Alternando entre el jazz, el folklore y la música clásica pasaron los siguientes años, hasta que en 1955 viajó a Nueva York, contratado para grabar seis discos, de los cuales sólo grabó dos (Introducing Villegas y Very, very Villegas) con Milt Hinton y Cozy Cole, por rescindir el contrato cuando quisieron obligarlo a interpretar boleros de Lecuona. Pasó, el resto del tiempo, tocando en pequeños clubes, sobreviviendo. Al tiempo frecuentaba la flor y nata del jazz y quien fuera su mentor espiritual Duke Ellington, a quien escuchó por primera vez en 1957. Vuelto al país, ya con una estructura formal de trío tuvo otro punto alto de su trayectoria al grabar con Paul Gonsálvez y Willie Cook (a la sazón integrantes de la banda de Ellington) un trabajo titulado “Encuentro”.
Ya era una leyenda, de esos personajes entrañables más conocidos por su aspecto y su apelativo (decía que lo llamaban mono porque imitaba muy bien a los seres humanos) que en muchos casos por su música y sus expresiones trascendían el ámbito en el cual fueron vertidas. Y él lo fomentaba. Una vez, desde la pullman de un teatro, una espectadora reclamó: “que empiece el concierto”. “Señora, el concierto ya empezó”, le contestó. “Bueno, que empiece la música”, insistió la mujer. “Señora, cuando empiece la música usted no la va a entender”. Y siguió charlando. Libre y sin preconceptos, opinaba de todo y por todo y no era extraño introducir un tema en el doble de tiempo que duraba el mismo tema. Definía a su relación con las mujeres por no tener mucho que ofrecerles: “No hay tapado de armiño, ni Cadillac ni departamento. No doy más que amor y música, por eso las mujeres se aburren conmigo”, lo cual no fue lo que sucedió con su última mujer, Selma Henry a quien no le importó los Baldwin y un colchón en el piso como principal mobiliario (“Lo conocí en el Boliche Sí, en Belgrano. Él estaba tocando y me pareció fuera de lo común. Vi como volcaba todo su sentimiento y sus pensamientos a la música. Su música era eso: todo lo que le pasaba. Era su manera de expresión, su lenguaje. Entonces, como yo sentía que hablaba con el piano, me pareció un hombre inteligente que proponía una conversación de lo más interesante. Nunca me habían charlado así”).

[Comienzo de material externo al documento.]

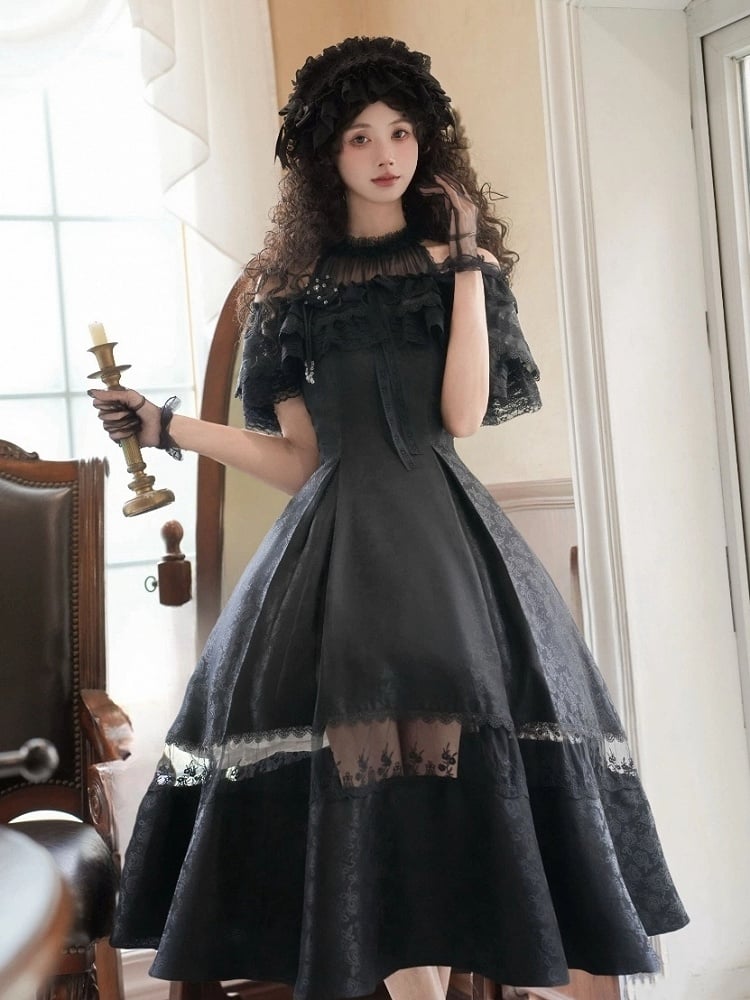 Neck Fabric Jacquard Halter Dress Full Rosette Black Set Illusion Elegant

Recordarlo a Villegas en una nota, puede ser muy fácil o muy difícil, según como se lo vea. Fácil por su calidad de músico, porque supo construirse y fomentarse, por sus expresiones no exenta de viveza criolla y su ternura. Difícil, por los mismos motivos. Es tan amplio el personaje que escribamos lo que escribamos nos queda la sensación que siempre falta algo. Por eso dejemos que el Mono se defina por sí mismo: “El fenómeno es la música, que abre todas las puertas de la comunicación. Cuando toco necesito que por lo menos uno me escuche”.
“Jamás repetimos la música aunque toquemos los mismos temas. Estamos convencidos de que el jazz, como la conversación, debe ser espontáneo”.
“La vida es lo más maravilloso que existe, pero lo frustrante del presente es que muy pronto se convierte en pasado. Y el futuro es siempre incierto. El único futuro es la muerte”.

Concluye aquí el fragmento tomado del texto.